The MACBA - Museo de Arte Contemporáneo de Barcelona is organizing, from March 26 to September 12, 2021, a major retrospective exhibition on the great Cuban artist Félix González-Torres (Guámairo, 1957 - Madrid, 1996), who died prematurely at the age of thirty-nine from complications due to AIDS. The exhibition, entitled Félix González-Torres. Política de la relación, aims to situate the Cuban artist’s work in the debate on postcolonialism and within the histories that connect Spain to the American continent, especially insofar as these histories deal with issues such as memory, authority, freedom, and national identity. González-Torres’ work is thus read in relation to Spanish, Latin American, and Caribbean cultures, and not as a simple individual biographical story: the aim of the exhibition is to bring out the complexity of the artist’s work, and as a result, different interpretations are proposed that derive from this line of research, which also emphasizes the formative influences of González-Torres’ work on queer aesthetics.

Following the thought of Martinique writer and philosopher Edouard Glissant, the exhibition seeks to highlight the idea of the need for opacity as opposed to total transparency or instant legibility: the conceptual dimension of González-Torres’s work is thus compared to Glissant’s position because of the emphasis they both place on the concept of mutability, and because of their common adherence to a poetics of relationship, a concept that can be extended to the politics of relationship.



The exhibition is structured in a succession of four rooms, each focusing on a specific set of issues addressed by the artist. These themes are interconnected throughout the exhibition and unfold through the presence of the works outside the museum. Together, these spaces constitute the five “chapters” that make up the exhibition. The first room presents a selection of pieces that address the broad political aspect of González-Torres’ practice in relation to concepts of authority, judgment and memory.

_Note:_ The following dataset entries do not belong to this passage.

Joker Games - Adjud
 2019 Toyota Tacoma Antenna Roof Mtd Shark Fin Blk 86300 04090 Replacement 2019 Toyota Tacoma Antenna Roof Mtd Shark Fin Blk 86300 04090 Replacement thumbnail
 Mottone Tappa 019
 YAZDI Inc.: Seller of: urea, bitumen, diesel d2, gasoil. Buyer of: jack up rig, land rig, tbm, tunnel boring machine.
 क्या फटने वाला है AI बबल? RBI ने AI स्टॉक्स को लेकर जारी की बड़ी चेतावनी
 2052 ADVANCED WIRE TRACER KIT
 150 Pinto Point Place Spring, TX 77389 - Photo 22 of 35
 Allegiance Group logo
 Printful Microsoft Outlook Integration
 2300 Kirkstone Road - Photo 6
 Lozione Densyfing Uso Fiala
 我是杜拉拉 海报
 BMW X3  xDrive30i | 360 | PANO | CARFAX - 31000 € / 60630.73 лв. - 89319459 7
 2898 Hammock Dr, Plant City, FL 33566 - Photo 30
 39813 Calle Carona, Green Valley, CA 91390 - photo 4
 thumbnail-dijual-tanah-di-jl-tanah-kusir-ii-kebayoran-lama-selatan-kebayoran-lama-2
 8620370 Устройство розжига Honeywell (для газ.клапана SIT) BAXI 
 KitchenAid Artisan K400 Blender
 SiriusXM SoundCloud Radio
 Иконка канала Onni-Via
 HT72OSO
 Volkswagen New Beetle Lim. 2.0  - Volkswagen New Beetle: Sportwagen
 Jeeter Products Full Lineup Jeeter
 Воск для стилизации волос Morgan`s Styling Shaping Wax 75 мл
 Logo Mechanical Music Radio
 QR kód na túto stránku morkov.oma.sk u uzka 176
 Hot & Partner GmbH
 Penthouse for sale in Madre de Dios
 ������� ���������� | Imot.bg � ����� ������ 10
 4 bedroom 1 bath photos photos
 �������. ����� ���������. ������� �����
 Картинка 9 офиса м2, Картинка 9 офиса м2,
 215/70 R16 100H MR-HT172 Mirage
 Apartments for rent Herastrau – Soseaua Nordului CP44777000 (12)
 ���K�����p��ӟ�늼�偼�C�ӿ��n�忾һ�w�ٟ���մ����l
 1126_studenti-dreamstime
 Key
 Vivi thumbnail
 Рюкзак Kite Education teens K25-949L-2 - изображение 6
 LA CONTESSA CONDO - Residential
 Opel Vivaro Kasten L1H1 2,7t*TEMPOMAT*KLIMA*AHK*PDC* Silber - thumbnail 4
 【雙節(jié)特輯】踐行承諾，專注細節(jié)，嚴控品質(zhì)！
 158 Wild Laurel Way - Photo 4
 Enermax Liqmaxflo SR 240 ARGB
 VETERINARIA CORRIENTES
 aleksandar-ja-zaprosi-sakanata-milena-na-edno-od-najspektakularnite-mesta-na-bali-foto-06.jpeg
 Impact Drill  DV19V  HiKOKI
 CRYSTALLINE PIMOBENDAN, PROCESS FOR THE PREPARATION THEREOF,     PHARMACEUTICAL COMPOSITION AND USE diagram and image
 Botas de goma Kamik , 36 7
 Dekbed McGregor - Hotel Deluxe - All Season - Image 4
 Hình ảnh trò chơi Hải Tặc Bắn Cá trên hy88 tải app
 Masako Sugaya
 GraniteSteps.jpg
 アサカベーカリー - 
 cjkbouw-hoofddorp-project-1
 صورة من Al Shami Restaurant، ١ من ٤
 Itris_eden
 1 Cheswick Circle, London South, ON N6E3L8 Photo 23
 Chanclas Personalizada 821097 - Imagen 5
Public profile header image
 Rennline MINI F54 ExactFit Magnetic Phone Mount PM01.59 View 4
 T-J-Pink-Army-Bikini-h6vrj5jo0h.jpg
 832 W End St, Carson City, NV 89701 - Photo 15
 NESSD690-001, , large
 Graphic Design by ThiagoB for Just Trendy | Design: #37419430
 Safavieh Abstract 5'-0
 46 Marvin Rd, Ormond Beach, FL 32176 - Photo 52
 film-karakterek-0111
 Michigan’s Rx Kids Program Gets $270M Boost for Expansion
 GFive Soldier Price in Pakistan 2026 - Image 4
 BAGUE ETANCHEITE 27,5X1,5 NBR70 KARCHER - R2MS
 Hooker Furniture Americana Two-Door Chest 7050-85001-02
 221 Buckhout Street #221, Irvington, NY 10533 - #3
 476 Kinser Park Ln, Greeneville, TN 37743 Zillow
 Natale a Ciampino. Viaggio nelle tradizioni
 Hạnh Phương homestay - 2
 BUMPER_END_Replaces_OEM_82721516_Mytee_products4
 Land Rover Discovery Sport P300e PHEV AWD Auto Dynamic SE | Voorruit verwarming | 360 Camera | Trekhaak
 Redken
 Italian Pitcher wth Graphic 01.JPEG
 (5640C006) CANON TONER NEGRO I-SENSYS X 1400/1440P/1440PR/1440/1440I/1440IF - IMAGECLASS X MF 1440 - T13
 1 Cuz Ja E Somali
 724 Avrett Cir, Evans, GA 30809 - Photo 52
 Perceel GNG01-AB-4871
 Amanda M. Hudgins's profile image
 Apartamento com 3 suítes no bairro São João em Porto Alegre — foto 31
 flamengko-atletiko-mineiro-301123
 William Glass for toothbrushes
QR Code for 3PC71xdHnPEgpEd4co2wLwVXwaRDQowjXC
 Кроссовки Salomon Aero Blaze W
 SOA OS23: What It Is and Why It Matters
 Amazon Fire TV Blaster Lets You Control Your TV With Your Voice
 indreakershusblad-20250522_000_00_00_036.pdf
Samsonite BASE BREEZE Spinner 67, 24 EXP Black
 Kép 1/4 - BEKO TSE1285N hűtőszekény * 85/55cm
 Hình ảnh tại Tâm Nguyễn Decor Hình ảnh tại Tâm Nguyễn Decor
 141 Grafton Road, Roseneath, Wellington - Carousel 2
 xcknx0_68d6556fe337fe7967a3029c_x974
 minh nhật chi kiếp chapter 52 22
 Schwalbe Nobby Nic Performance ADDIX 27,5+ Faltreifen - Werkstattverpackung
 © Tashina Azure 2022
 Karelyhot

These works are linked by indirect allusions to authoritarian establishment culture, fascism and social conservatism, as well as to the specific repression of the gay community and homophobic attitudes, with repeated forays into the Spanish context (due to the repression the community was subjected to during the Franco regime and also for years afterwards).

The second room explores the ideas of couple, physical relationship, duplicity and similarity or identity, as well as balance, love and the dialogue between mutability and eternity in González-Torres’ work. The development of a subtle and often deliberately cryptic language about the queer condition, prioritizing romantic aspects and reformulating the language of minimalism and conceptualism as vehicles for affective content, is one of his major contributions to González-Torres’ art. But, at the same time, it is also one of his most political gestures, as the artist was fully aware that this allowed him to talk about homosexuality, specifically homosexual desire and love, while avoiding the censorship that the conservative right tried to impose on these contents.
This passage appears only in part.